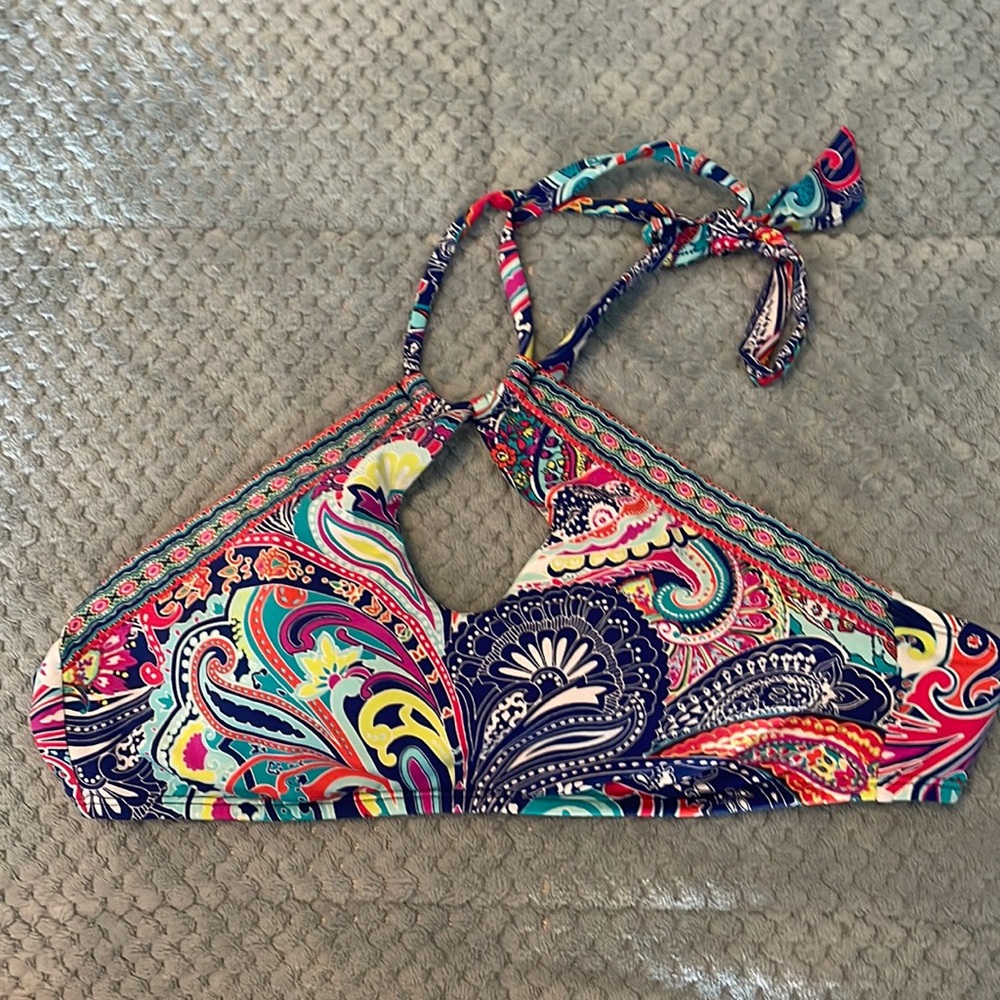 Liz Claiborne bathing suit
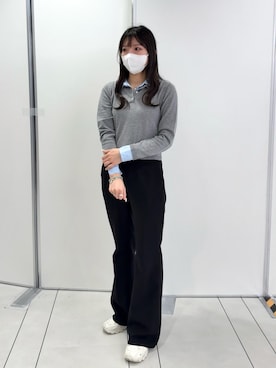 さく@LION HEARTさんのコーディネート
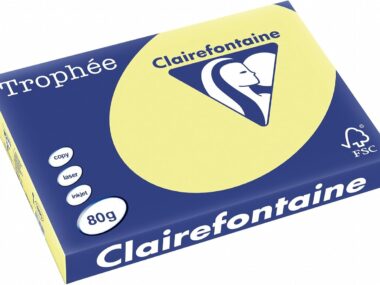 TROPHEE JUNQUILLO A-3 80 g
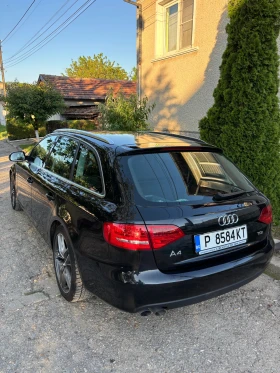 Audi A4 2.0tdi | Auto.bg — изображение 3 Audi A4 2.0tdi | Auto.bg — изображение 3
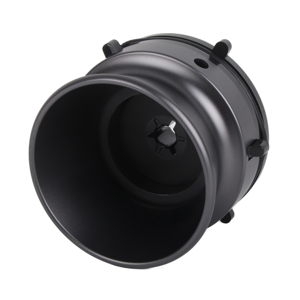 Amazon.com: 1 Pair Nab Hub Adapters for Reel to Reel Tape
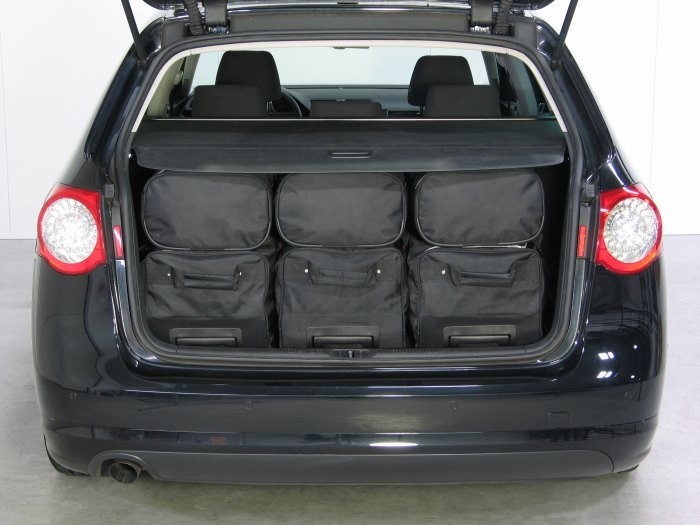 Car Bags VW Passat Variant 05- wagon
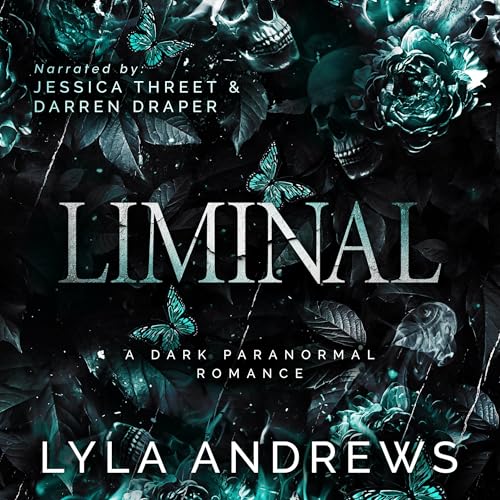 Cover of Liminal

---*---

*WORK TASK*: Your answer must be an exact copy of the listing, minus its pictures.

*RESPONSE BELOW*:
 Liz Claiborne bathing suit
 さく@LION HEARTさんのコーディネート
 TROPHEE JUNQUILLO A-3 80 g
 Audi A4 2.0tdi | Auto.bg — изображение 3 Audi A4 2.0tdi | Auto.bg — изображение 3
 Amazon.com: 1 Pair Nab Hub Adapters for Reel to Reel Tape
 Car Bags VW Passat Variant 05- wagon
 Cover of Liminal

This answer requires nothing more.